Penelitian Pendukung Proses Kuratorial
Setelah mengeksplorasi potensi sejarah yang ada pada area pelabuhan Tanjung Priok, kurator bersama manajemen PT Pelindo II melakukan kegiatan penelitian tambahan, yaitu kunjungan situs bersejarah yang memiliki keterkaitan dengan materi pamer museum. Pada kesempatan itu, kunjungan situs dilakukan di :
- Punjulharjo, Kabupaten Rembang, Jawa Tengah, lokasi ditemukannya perahu kuno dari abad ke-7 – 8 masehi. Sesuai dengan dokumen perencanaan yang telah disusun sebelumnya, museum rencananya akan memamerkan replika perahu kuno yang ditemukan di Punjulharjo tersebut, meski kemudian dalam proses pembangunan rencana display itu diganti dengan materi pamer lainnya.
- Kompleks candi Borobudur, Magelang, untuk mengambil gambar 12 macam jenis perahu yang tergambar dalam relief candi Borobudur. Sesuai dengan dokumen perencanaan yang telah disusun sebelumnya, museum akan memamerkan 12 gambar jenis perahu tersebut sebagai media yang merekam gambaran tradisi pelayaran, baik menggunakan perahu kecil maupun besar, yang telah berlangsung sejak abad-abad awal masehi.
- Museum Purbakala Sangiran, di Jawa Tengah dan Museum Trowulan, Mojokerto, Jawa Timur, untuk melengkapi informasi sejarah pelayaran nusantara pada masa purbakala dan masa Majapahit. Beberapa patung terakota Majapahit juga masuk dalam rencana pengadaan koleksi museum.
- Museum Tanjung Pandan, Belitung, untuk melengkapi informasi tentang replika serpihan kapal Tek Sing, yang menurut kisahnya karam di perairan sekitar Belitung.
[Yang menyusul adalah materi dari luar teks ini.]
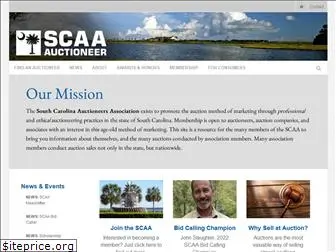 southcarolinaauctioneers.org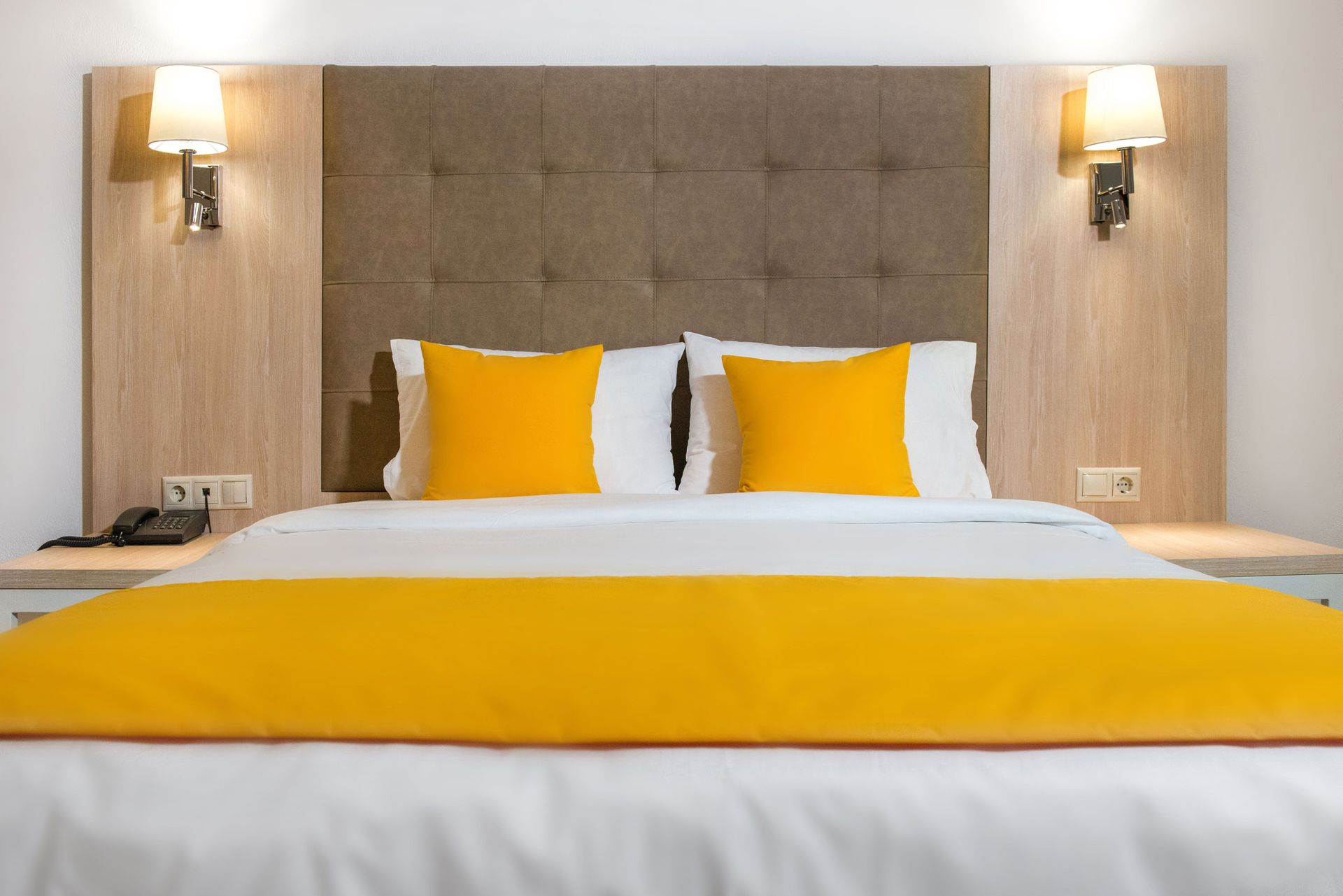 Aristoteles Holiday Resort & Spa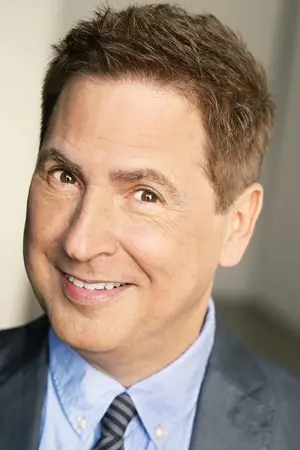 Фото Пол Грінберг #85743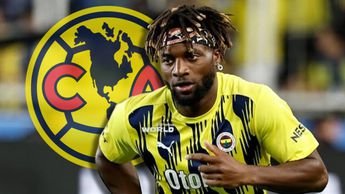allan-saint-maximin-jugador-america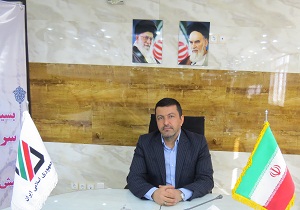 افزایش 9 درصدی صادرات در استان همدان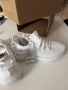 Adidas Yeezy Boost 350 white, снимка 4
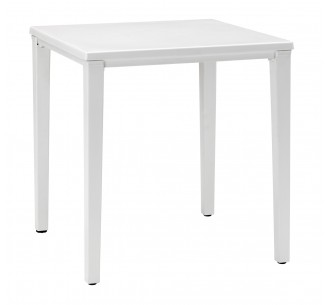 Timo art.2131/2139 Table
Dalam rencana pamer museum, kisah tentang kapal Tek Sing akan menjadi salah satu materi pamer dalam museum untuk menggambarkan bahwa pada abad ke 18 Masehi lalu lintas pelayaran di wilayah Nusantara telah sedemikian ramai dan dilintasi berbagi jenis kapal, termasuk kapal semegah Kapal Tek Sing.
Selain untuk melengkapi row material penyusunan materi museum, penelitian pendukung ini berguna dalam membantu kurator dalam memperkaya perspektif yang akan diwujudkan dalam materi pamer museum. Setelah penelitian usai dan mulai memberikan beberapa hasil penelitian, banyak terjadi perubahan rencana pengadaan materi pamer. Ada materi pamer yang diganti dengan materi pamer lainnya dan ada juga materi pamer yang dilengkapi informasinya, sehingga tampilannya lebih baik dan lebih informatif dari sebelumnya.
Selain kunjungan ke situs-situs bersejarah tersebut, studi pustaka dan penelusuran gambar footages juga menjadi bagian penting dalam proses kuratorial. Banyak bahan literature berupa buku, artikel surat kabar, dan majalah dalam bentuk fisik atau digital yang tersedia di beberapa situs digital sangat membantu dalam melengkapi materi pamer. Sebagian besar, bahan-bahan berupa foto dan ilustrasi dapat digunakan sebagai bahan desain grafis, konsep artwork tertentu, atau materi tampilan multimedia.
Arsip Nasional Republik Indonesia (ANRI) banyak memberikan bahan potret pelabuhan Tanjung Priok pada periode 1950 an, periode awal ketika pelabuhan Tanjung Priok mulai dikelola secara mandiri oleh bangsa Indonesia. Sedangkan Pusat Informasi Kompas (PIK) dan Perpustakaan Nasional Republik Indonesia (PNRI) banyak memberikan informasi berupa artikel surat kabar tentang pelabuhan Tanjung Priok, terutama pada periode akhir 1960 an hingga periode mutakhir.